Required work:
I'd ask you to write out the lines below exactly, with no images.

[Image-text web data]
--*--
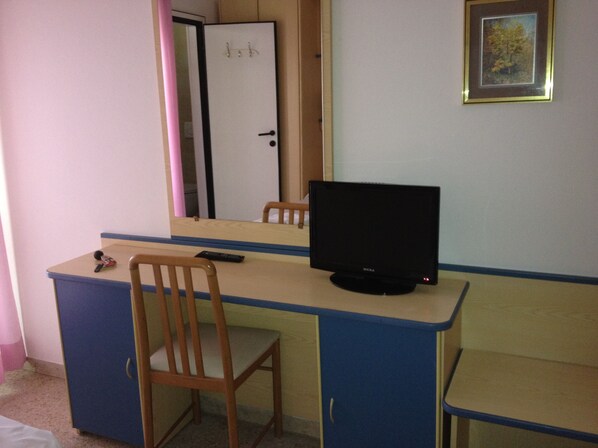 A room with a desk, a chair, a television, a wardrobe, and a door. - Trocadero (Riccione)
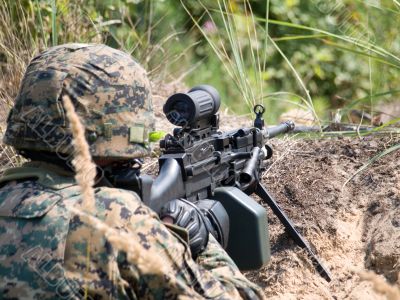 Soldier shooting his machine gun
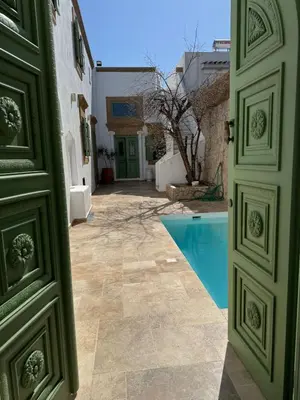 an open door to a courtyard with a swimming pool at Aetheria Traditional House 2 in Koskinou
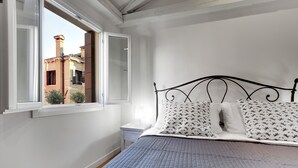 A bedroom with a bed, a window, and a nightstand. - Pozzo Roverso by Wonderful Italy (Venecia)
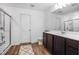 The bathroom boasts wood-look floors, a glass shower, and a vanity with a dark cabinet at 4740 Alford Commons, Cumming, GA 30028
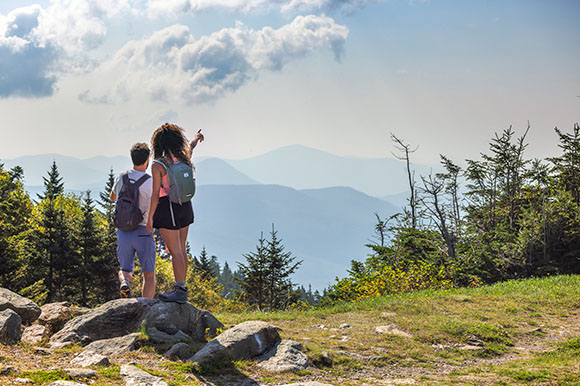 a man and woman hiking, pointing at views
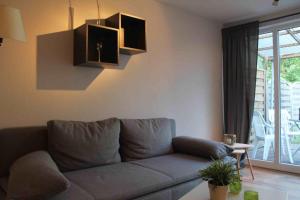 a living room with a gray couch and a window at Ferienwohnung Roggenbach in Büdelsdorf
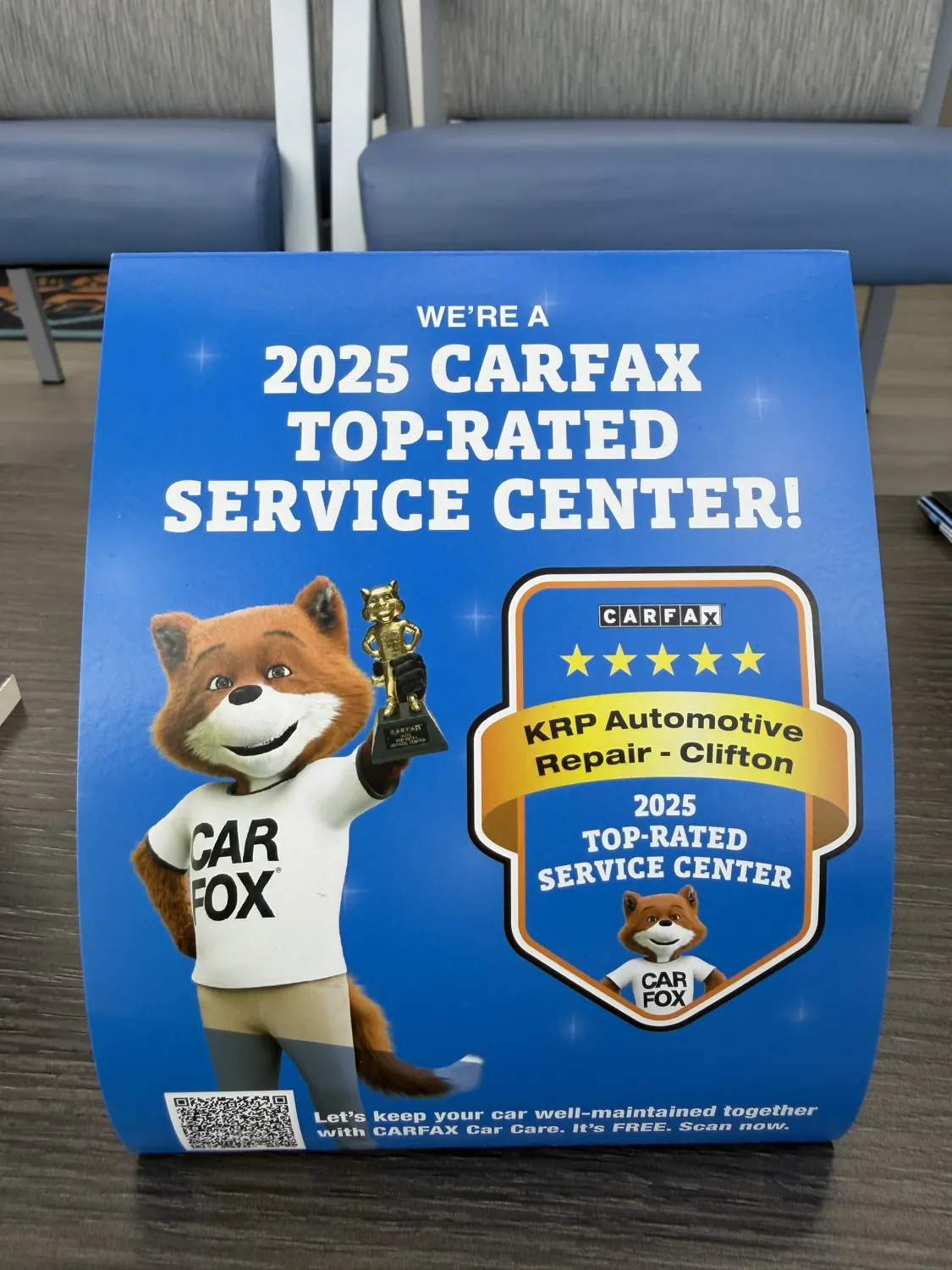 The Carfax Top-Rated award beside the lifetime warranty sign at KRP Automotive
--*--
Exercise output:
 A room with a desk, a chair, a television, a wardrobe, and a door. - Trocadero (Riccione)
 Soldier shooting his machine gun
 an open door to a courtyard with a swimming pool at Aetheria Traditional House 2 in Koskinou
 A bedroom with a bed, a window, and a nightstand. - Pozzo Roverso by Wonderful Italy (Venecia)
 The bathroom boasts wood-look floors, a glass shower, and a vanity with a dark cabinet at 4740 Alford Commons, Cumming, GA 30028
 a man and woman hiking, pointing at views
 a living room with a gray couch and a window at Ferienwohnung Roggenbach in Büdelsdorf
 The Carfax Top-Rated award beside the lifetime warranty sign at KRP Automotive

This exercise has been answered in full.